» AIM OF THE TASK:
Your job with the data below: print everything from the line that holds "Remember to subscribe" down to the line that holds "Hey guys! So", ends included, exactly, and nothing else.

» AVAILABLE DATA:
= = = = =
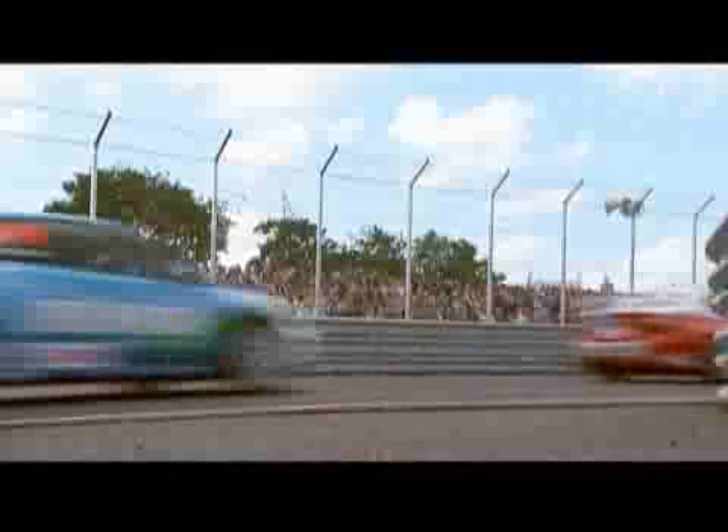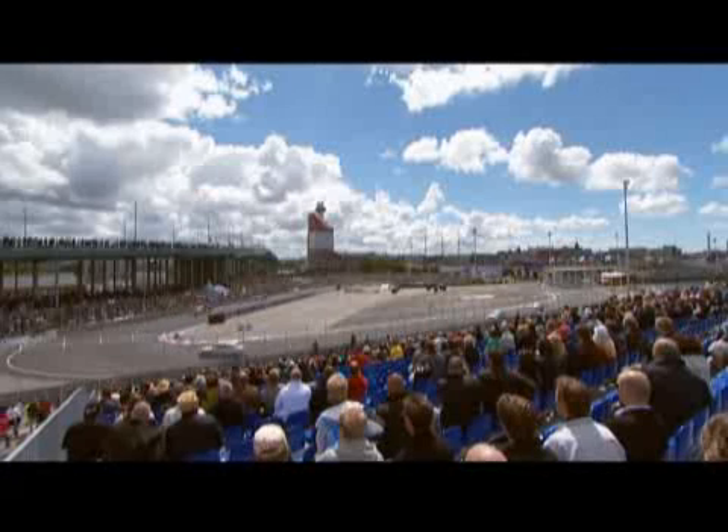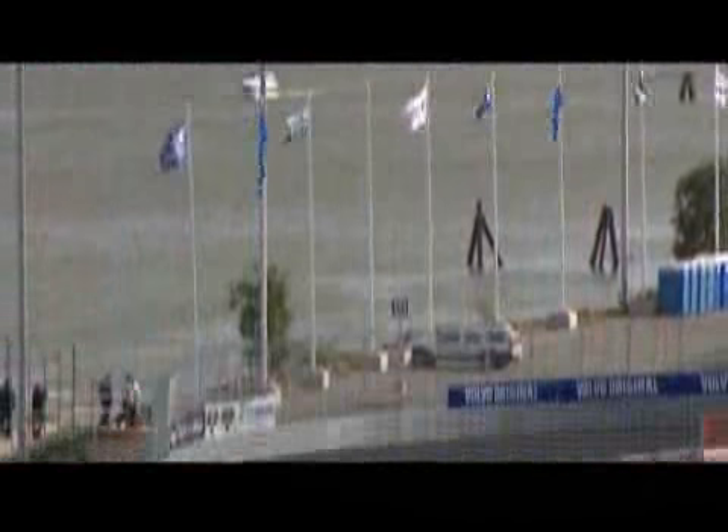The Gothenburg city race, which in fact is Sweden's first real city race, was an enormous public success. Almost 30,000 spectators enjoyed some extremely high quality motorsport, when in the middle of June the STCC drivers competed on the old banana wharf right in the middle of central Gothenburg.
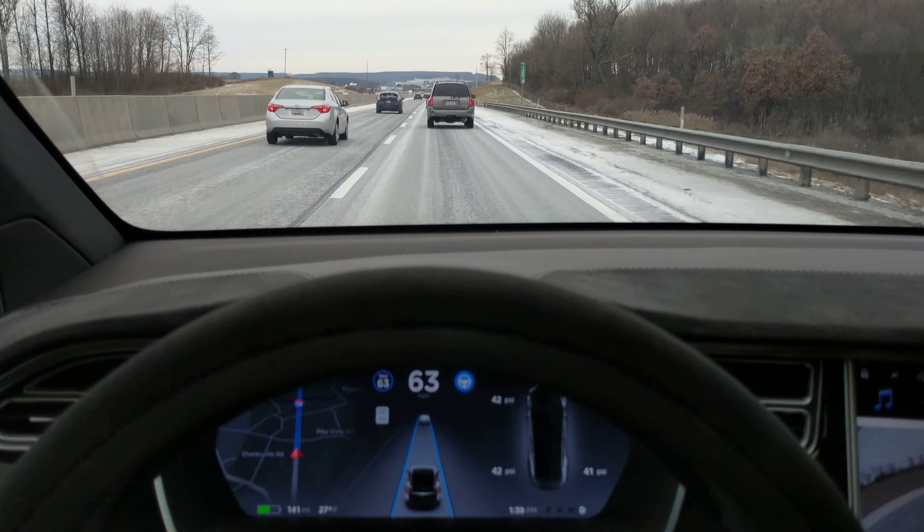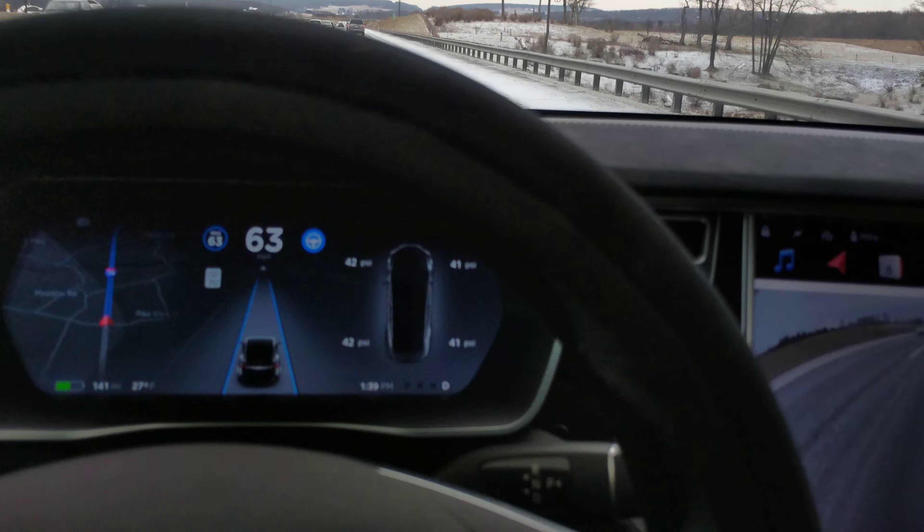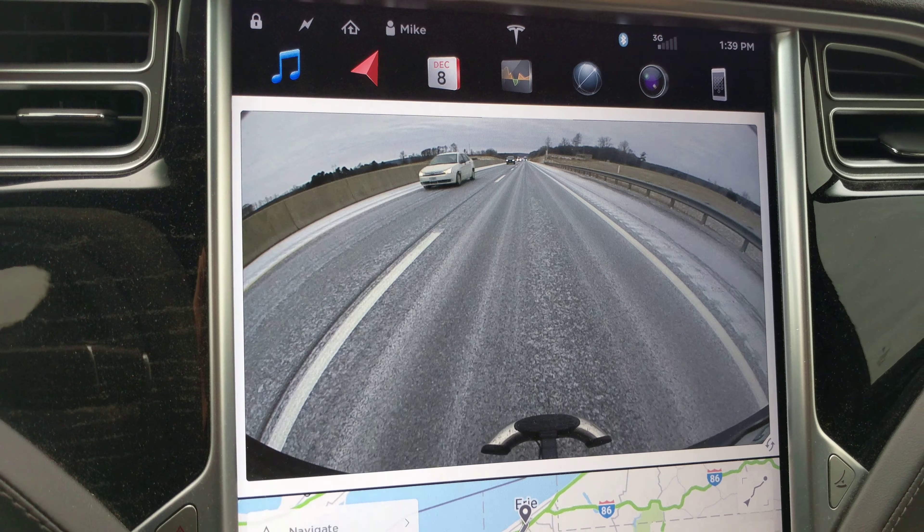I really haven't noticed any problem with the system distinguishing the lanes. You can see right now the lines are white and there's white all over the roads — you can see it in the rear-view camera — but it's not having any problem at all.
= = = = =
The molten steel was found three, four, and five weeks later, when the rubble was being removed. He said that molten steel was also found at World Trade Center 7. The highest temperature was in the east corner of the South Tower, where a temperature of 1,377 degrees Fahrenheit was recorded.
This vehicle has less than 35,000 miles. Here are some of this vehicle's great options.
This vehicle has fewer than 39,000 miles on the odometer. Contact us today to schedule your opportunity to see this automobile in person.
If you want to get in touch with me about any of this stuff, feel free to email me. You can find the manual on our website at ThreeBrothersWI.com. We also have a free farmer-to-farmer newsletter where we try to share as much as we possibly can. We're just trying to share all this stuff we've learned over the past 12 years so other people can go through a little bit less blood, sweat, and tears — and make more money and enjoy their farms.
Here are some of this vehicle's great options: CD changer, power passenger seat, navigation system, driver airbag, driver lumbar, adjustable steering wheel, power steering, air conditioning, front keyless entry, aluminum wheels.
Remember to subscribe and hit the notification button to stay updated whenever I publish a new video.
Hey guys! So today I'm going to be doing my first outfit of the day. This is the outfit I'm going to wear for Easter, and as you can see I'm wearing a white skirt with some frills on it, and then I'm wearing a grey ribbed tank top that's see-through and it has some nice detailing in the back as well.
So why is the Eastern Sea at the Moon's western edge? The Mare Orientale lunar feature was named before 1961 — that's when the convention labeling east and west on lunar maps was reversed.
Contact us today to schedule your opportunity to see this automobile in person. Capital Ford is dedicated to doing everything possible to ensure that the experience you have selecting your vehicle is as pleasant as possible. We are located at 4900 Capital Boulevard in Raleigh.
= = = = =
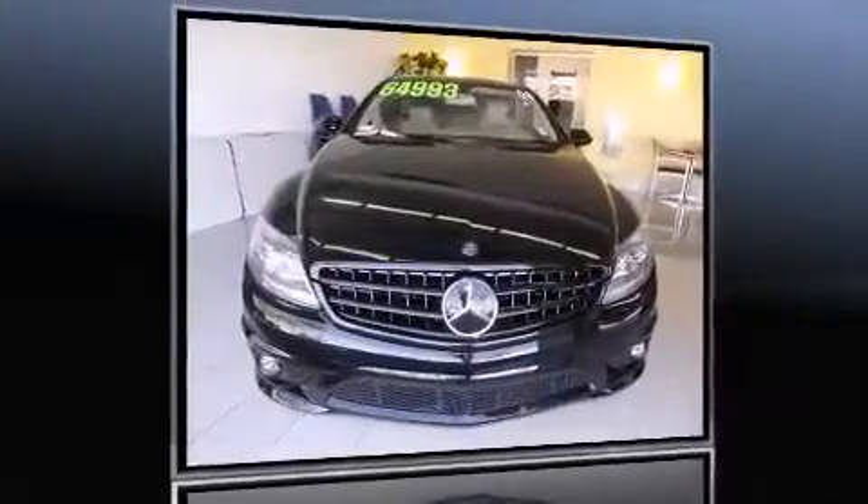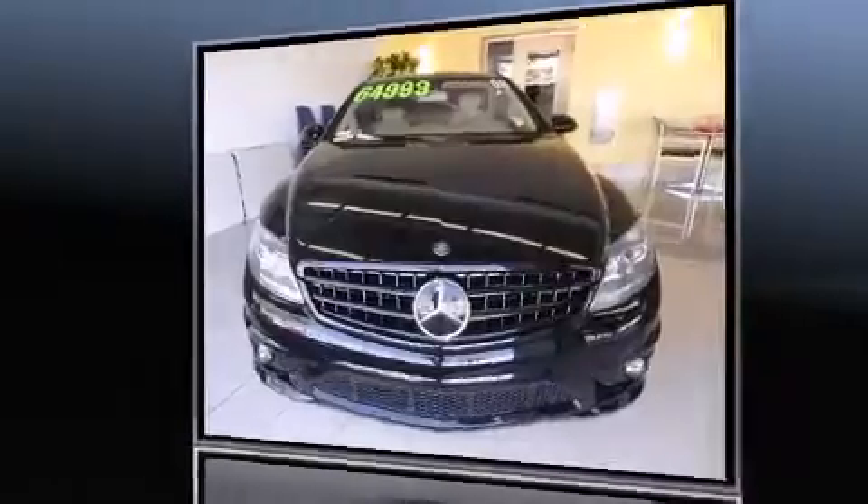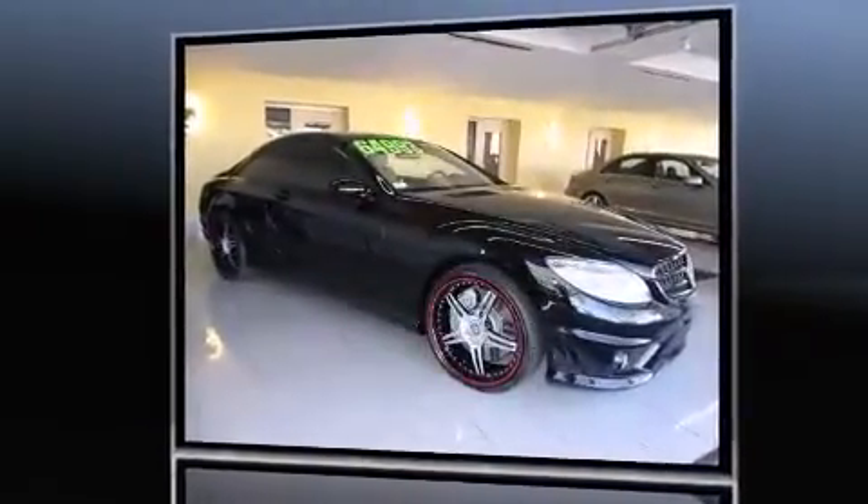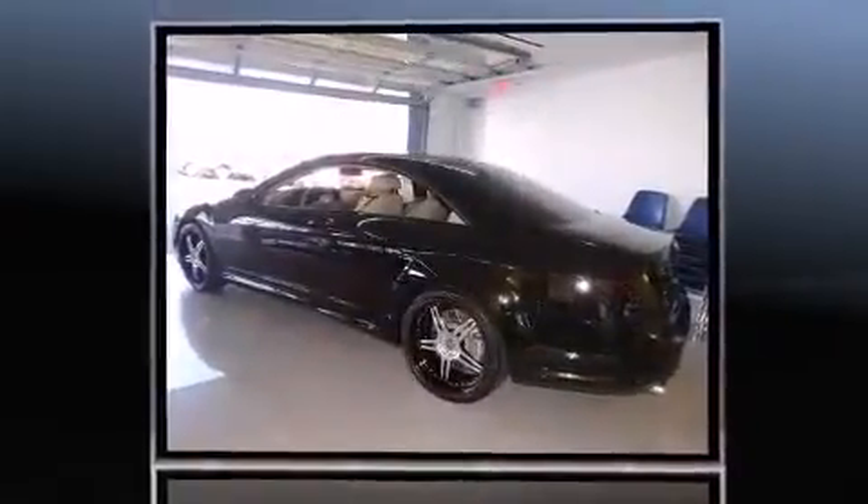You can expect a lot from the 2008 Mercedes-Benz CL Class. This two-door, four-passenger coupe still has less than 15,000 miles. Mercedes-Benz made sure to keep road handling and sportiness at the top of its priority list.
= = = = =
» RESULT:
Remember to subscribe and hit the notification button to stay updated whenever I publish a new video.
Hey guys! So today I'm going to be doing my first outfit of the day. This is the outfit I'm going to wear for Easter, and as you can see I'm wearing a white skirt with some frills on it, and then I'm wearing a grey ribbed tank top that's see-through and it has some nice detailing in the back as well.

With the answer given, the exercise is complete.